Brenda S. (Grand Rapids, MN)
And then what happened?
This is a story that started out slowly, built up speed, and then fizzled. Being a recovering Catholic, I found the sub-storyline a bit sacrilegious, but not offensive. If there was a main theme to this book, it was lost on me. In the positive column, coming of age and heading to middle-age is a tough subject, but that was actually handled quite well. The book is worth reading because it will make you think about acceptance for quite a while.
Gayle M. (Billerica, MA)
A very pleasant surprise
In writing a book about a former singer, it would have been easy to lean on standard cliches. Instead, Suzzy Roche delivers a book filled with interesting, three dimensional characters that you care about. The story is funny, sad, quirky and honest. I would highly recommend this book and am looking forward to Suzzy Roche’s next book.
Jane N. (Little Egg Harbor, New Jersey)
When you get past the musical references and all of the anger associated with the genre that the author is referring to in the book, this is a really great read. At it's heart it is a love story about the most difficult relationship any woman will have in her life; that is the relationship with her mother. The story of Jean Saint, the mother, and Mary Saint, the daughter is a warm and well told and should touch you deeply. Mary is the epitome of a rebellious daughter who makes the big time in spite of herself. Her fame does nothing to solve her problems with the people in her life and her life in general. In fact, her fame accentuates the problems and the methods that Mary chooses to solve them only add to her destructive modus operandi. While Mary struggles with her own demons, her mother Jean, struggles with her own. Mother and daughter are very much alike.
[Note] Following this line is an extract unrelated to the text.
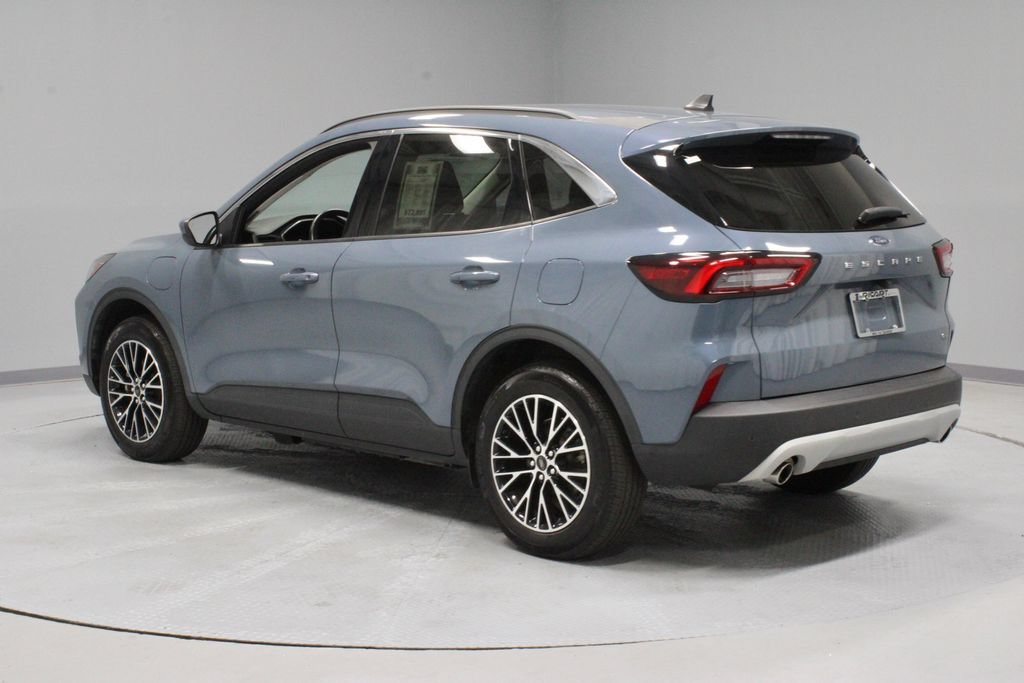 Certified 2023 Ford Escape SE FWD image 10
Mary is flamboyant while Jean is passive aggressive in dealing with the life that that share. Suzy does an excellent job of weaving the two stories together. The supporting characters that Roche has created to flesh the story out are also amazing and the sub plot that she created is worth a book of its own. Thaddeus is so real and adds so much to the story that I hope he appears in Roche’s future works. This book will be enjoyed for a long time. I know that I will recommend it to my friends and my book club.
Eileen L. (Danvers, MA)
Great premise, not so great book
This book started out with great promise. Interesting premise, engaging characters, and the conflicts and resolution inherent in any family drama. The Saints, Mother and Daughter, just never develop, and the father is a footnote in a drama created by his cruelty. The book just seems to try to hard to make a point that is somehow lost on the reader. As much as I wanted to care about this family I just never felt them come alive.
Beth T. (Savannah, GA)
The Harmony's Just Not There
I was so excited to have been selected to read this book, particularly when I discovered that Suzzy Roche is the author. I've been a fan of her music for many years, and particularly love her offbeat arrangements and harmonies. She's a very talented artist. But unfortunately, this book doesn't harmonize nearly as well as Ms. Roche's music and I'm sorry to say that Wayward Saints fell flat for me. I gave it my very best shot, but just couldn't get past the stilted dialogue, contrived situations and names (Garbagio? Really?) and a disjointed plot that doesn't ring true. I give Ms. Roche an A for effort, but sadly, it's just not a very good book.
Susan B. (Rutledge, MO)
wish I liked it more
I wanted to like this book so much more than I did. The writer’s voice is interesting, but uneven in ways that don't seem to be stylistic choices: the language is sometimes formal, almost stilted, and other times gut-punchingly in-your-face. Although a few characters were memorable in themselves, I found most of their actions to be inexplicable, and struggled to feel much sympathy for them. As a first outing it’s worth a read if you really like the Roches and want some insight into the mind of Suzzy, or to learn about some people who are most likely not like you or anyone you know. I do hope she writes a second novel for adults.